The realization that one has been shot, or at least shot at, is also often enough to cause a person to give up or flee.
Pain is another psychological factor. Having holes put in your body hurts quite a bit, after all, and can quite possibly be enough to dissuade a person from doing anything but screaming.
If a person is sufficiently enraged, determined, drugged-up, or just plain mean, however, they can simply shrug off any psychological effects of being shot, so they should not be counted on to stop an attacker.
Physiological effects
The only way to physiologically stop a person is to damage or distrupt their central nervous system (CNS) to the point that they fall unconscious or die.
Bullets can achieve this directly or indirectly. If a bullet causes sufficient damage to the brain (particularly the cerebellum or brain stem) or cervical spinal cord, the CNS damage is direct and nearly instant.
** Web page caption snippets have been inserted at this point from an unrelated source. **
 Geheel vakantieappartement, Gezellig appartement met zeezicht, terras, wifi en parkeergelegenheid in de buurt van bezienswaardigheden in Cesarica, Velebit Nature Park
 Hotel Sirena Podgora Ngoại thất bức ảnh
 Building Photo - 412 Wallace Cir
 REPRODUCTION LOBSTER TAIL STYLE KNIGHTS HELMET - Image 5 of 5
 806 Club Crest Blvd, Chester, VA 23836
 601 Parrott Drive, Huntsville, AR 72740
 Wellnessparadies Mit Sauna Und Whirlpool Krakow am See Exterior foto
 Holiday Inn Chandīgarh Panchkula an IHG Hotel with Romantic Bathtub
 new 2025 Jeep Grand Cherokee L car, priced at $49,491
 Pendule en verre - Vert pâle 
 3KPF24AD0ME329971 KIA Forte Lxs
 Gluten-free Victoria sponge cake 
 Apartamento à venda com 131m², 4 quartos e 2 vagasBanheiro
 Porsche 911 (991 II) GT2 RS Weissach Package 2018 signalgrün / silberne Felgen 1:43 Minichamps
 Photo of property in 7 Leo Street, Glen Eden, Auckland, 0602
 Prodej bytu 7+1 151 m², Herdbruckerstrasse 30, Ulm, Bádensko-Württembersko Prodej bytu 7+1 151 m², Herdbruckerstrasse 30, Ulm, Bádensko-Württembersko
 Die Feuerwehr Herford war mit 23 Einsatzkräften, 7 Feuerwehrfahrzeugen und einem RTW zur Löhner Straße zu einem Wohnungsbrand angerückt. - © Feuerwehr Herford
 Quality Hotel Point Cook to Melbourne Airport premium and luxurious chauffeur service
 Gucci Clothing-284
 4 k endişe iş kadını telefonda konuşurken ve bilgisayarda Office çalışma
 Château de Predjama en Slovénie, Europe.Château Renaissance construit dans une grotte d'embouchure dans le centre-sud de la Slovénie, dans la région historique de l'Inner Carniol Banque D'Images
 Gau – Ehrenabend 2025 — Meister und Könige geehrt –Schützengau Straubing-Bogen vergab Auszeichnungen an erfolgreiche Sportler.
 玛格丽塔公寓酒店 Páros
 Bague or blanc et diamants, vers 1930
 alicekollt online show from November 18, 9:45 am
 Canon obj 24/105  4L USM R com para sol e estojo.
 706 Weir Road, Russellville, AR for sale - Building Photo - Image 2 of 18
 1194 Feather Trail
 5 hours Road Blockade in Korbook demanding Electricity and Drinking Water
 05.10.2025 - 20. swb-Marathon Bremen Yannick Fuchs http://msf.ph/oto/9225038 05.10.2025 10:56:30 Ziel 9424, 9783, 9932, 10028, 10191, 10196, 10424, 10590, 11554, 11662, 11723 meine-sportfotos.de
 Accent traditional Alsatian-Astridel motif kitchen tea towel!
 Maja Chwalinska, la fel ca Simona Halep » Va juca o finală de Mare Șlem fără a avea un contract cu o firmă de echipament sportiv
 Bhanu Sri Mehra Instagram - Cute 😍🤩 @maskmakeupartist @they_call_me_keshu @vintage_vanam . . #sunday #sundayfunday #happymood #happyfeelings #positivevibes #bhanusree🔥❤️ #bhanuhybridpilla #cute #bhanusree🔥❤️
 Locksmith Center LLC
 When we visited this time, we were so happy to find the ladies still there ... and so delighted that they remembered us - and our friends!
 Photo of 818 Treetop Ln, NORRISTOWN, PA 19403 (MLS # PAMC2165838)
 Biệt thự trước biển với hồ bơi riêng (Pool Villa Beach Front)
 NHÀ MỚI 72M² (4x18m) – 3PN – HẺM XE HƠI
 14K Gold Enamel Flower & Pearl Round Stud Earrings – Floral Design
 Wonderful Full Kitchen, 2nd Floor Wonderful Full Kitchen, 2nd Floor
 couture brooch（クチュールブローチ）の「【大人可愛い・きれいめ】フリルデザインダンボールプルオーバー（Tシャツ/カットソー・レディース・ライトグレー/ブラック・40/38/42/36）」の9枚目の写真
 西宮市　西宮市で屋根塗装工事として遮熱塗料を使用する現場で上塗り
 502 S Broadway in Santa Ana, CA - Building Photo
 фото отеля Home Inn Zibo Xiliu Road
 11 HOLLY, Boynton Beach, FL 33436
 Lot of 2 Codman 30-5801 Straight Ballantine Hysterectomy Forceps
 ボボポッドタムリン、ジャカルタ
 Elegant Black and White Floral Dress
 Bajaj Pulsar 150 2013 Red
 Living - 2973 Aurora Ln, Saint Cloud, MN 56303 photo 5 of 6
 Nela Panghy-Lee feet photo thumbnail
These targets are very small, well-protected, and mobile, however, making them difficult to hit even under optimal circumstances; it is not unheard of for a bullet to skim along the skull, just under the skin, or even be stopped outright in the case of very weak calibers. Similarly, a bullet which passes through the neck or upper chest might not have the velocity to break the spine and damage the spinal cord itself.
Indirectly, bullets can damage the CNS by way of bleeding. This is accomplished by putting a large enough hole through a vital enough blood vessel or blood-bearing organ. If blood-flow is completely cut off from the brain, a human still has enough oxygenated blood in their brain for 10 seconds of willful action. Considering that a person's higher brain functions will usually shut down in a life-or-death situation, this figure might actually be a bit low.
Major blood vessels include the superior aorta, inferior aorta, vena cava, brachial arteries, femoral arteries, carotid arteries, and jugular veins.
Major blood-bearing organs include the heart, kidneys, and liver.
Unless a bullet strikes and damages a CNS structure, there is absolutely no physiological reason for a person to be instantly incapacitated, and unless the bullet crushes a large enough hole in a major blood vessel or a major blood-bearing organ, there is no physiological reason for them to be incapacitated at all.